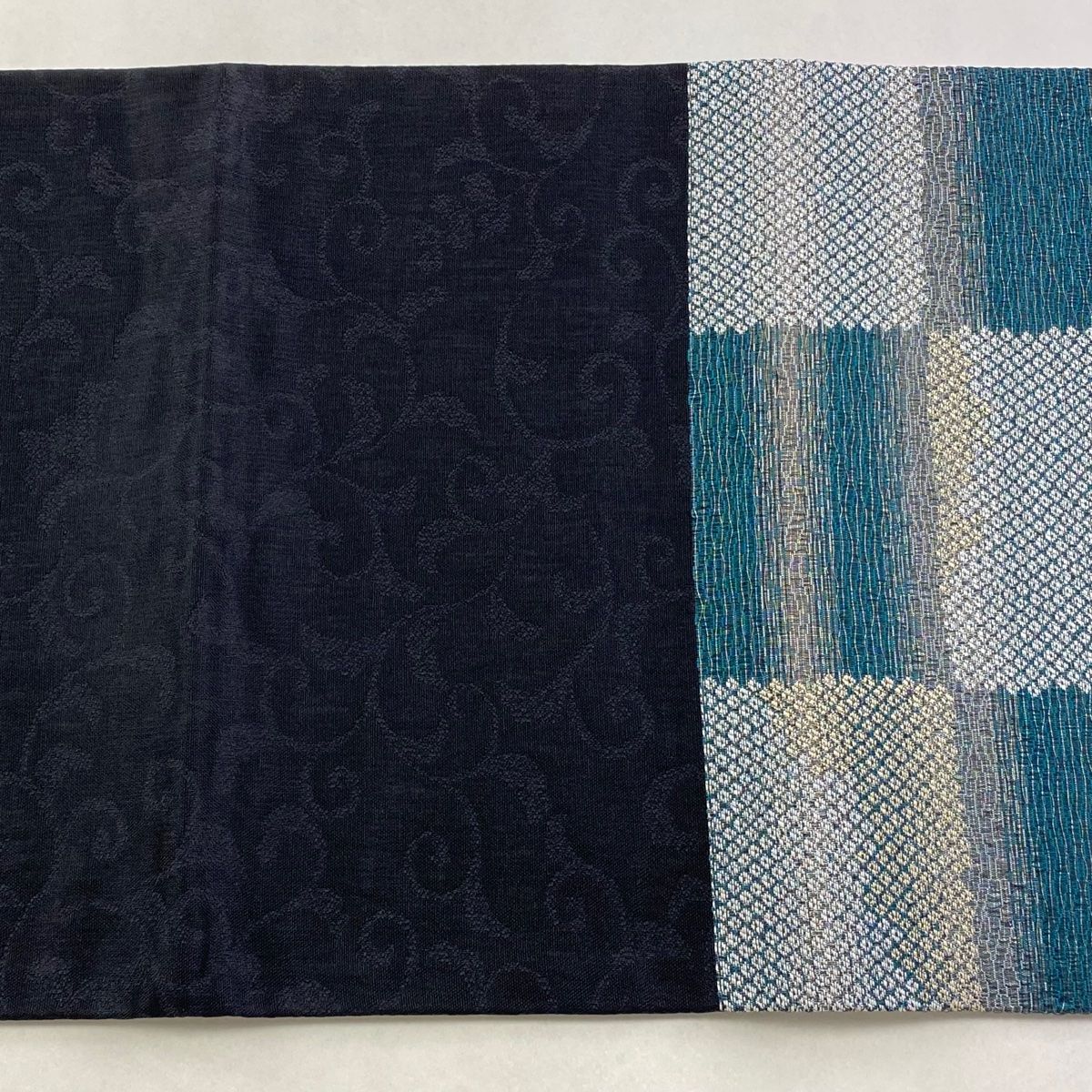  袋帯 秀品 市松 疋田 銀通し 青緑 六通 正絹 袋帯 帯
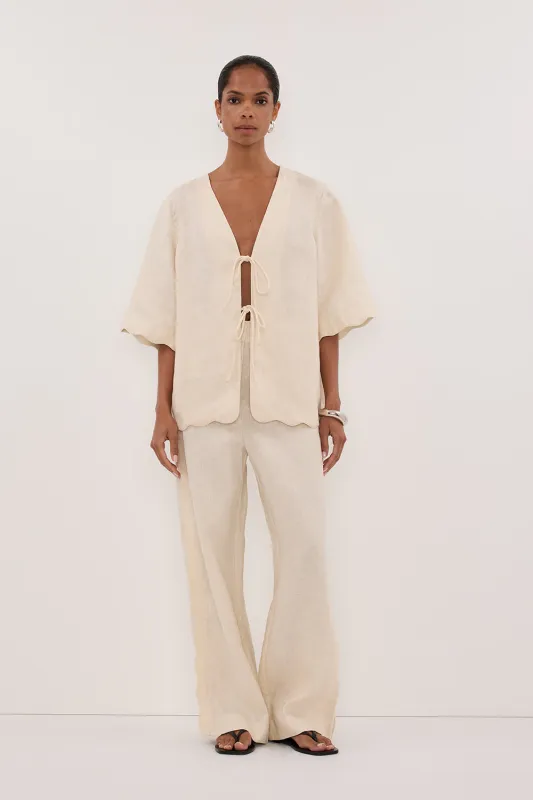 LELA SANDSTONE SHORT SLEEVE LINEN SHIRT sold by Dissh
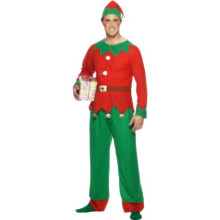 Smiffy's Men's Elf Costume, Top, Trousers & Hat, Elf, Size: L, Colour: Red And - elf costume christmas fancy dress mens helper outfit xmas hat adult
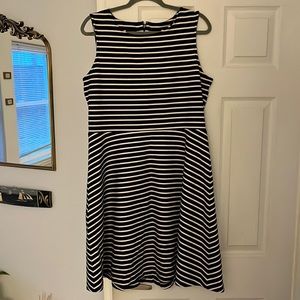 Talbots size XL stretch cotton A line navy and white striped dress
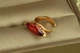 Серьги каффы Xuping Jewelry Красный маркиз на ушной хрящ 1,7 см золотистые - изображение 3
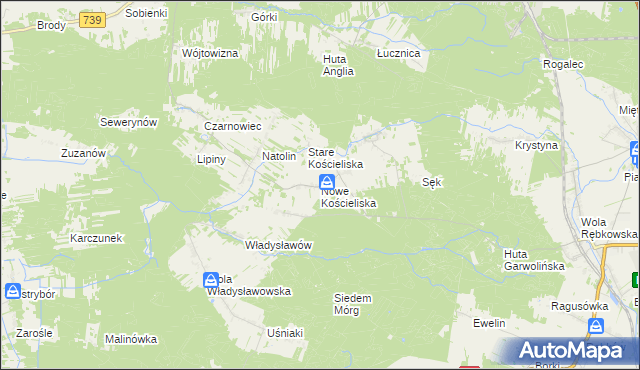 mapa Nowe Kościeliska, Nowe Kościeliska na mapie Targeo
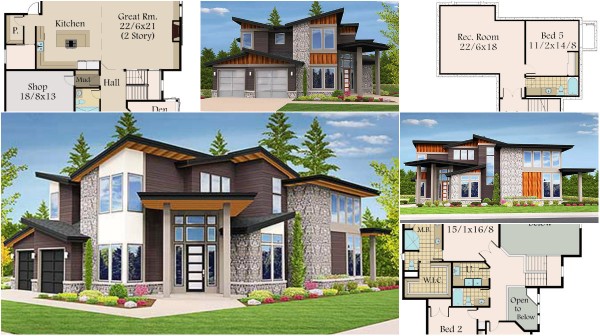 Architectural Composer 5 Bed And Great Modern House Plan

==

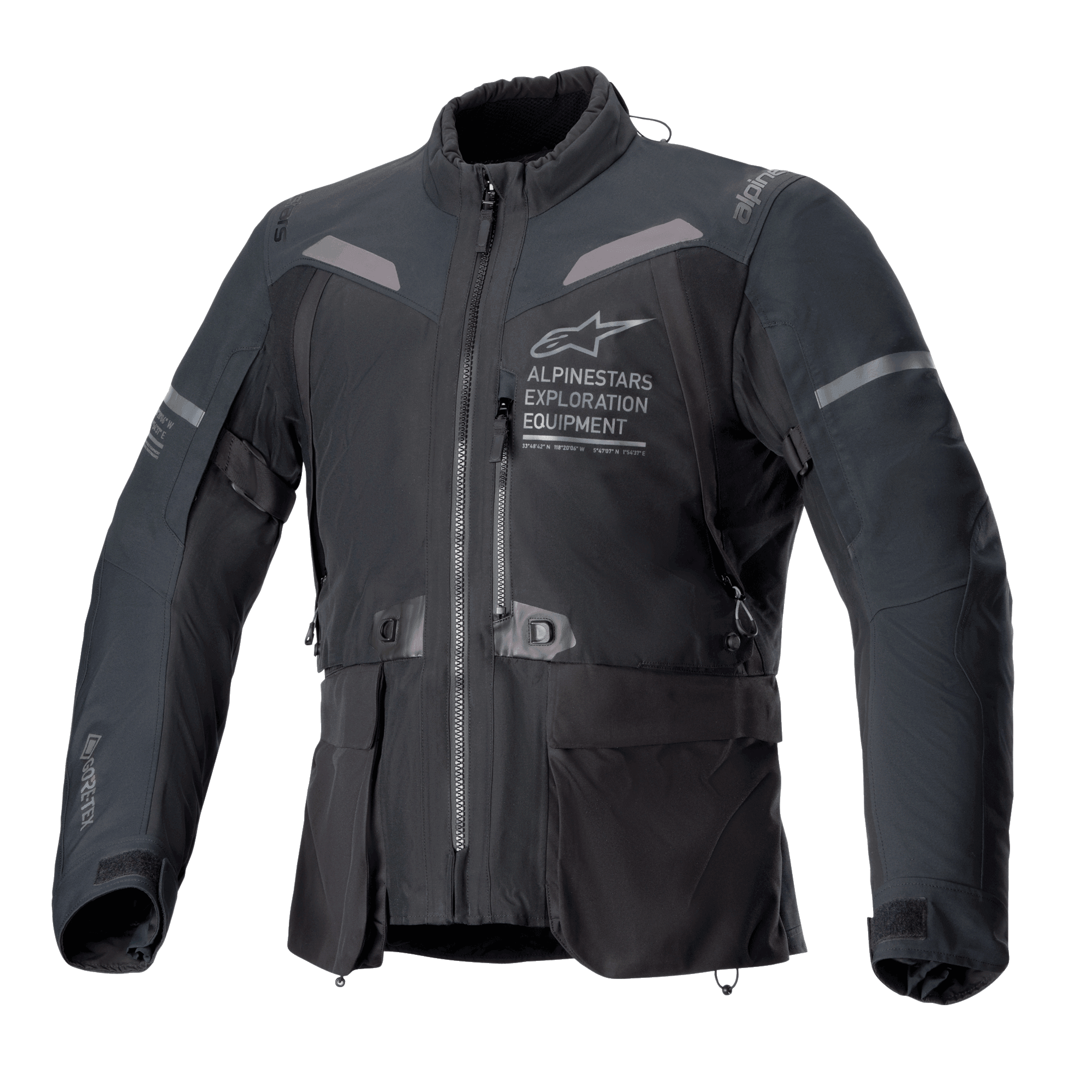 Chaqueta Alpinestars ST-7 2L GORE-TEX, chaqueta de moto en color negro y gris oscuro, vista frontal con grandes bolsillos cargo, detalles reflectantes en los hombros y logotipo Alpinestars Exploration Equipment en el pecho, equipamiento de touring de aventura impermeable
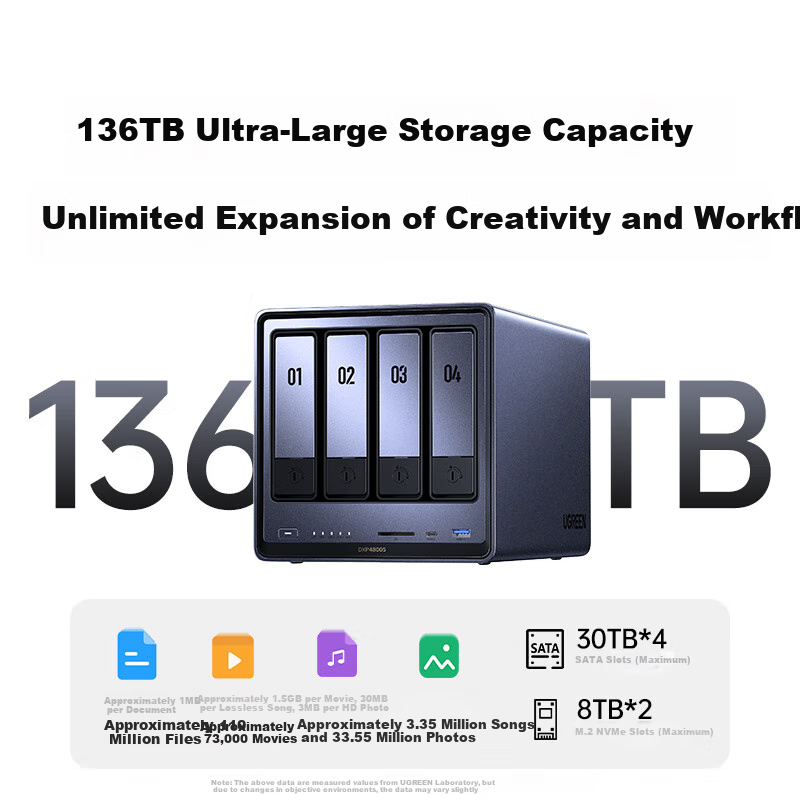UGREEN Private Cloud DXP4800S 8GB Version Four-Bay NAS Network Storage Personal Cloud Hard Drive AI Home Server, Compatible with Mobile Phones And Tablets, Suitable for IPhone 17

* * *

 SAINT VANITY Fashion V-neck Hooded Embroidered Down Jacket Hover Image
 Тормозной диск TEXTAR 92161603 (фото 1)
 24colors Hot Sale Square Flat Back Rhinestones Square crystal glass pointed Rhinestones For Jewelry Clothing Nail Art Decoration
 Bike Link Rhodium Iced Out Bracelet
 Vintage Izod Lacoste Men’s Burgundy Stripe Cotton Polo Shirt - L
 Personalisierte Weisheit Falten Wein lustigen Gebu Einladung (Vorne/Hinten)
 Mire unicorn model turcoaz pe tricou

DESCRIPTION OF THE TASK ▸
Go to the line with "SAINT VANITY Fashion" in the entries above and repeat every line from there through the line with "Personalisierte Weisheit Falten", exactly and with no other text.

ANSWER SECTION ▸
 SAINT VANITY Fashion V-neck Hooded Embroidered Down Jacket Hover Image
 Тормозной диск TEXTAR 92161603 (фото 1)
 24colors Hot Sale Square Flat Back Rhinestones Square crystal glass pointed Rhinestones For Jewelry Clothing Nail Art Decoration
 Bike Link Rhodium Iced Out Bracelet
 Vintage Izod Lacoste Men’s Burgundy Stripe Cotton Polo Shirt - L
 Personalisierte Weisheit Falten Wein lustigen Gebu Einladung (Vorne/Hinten)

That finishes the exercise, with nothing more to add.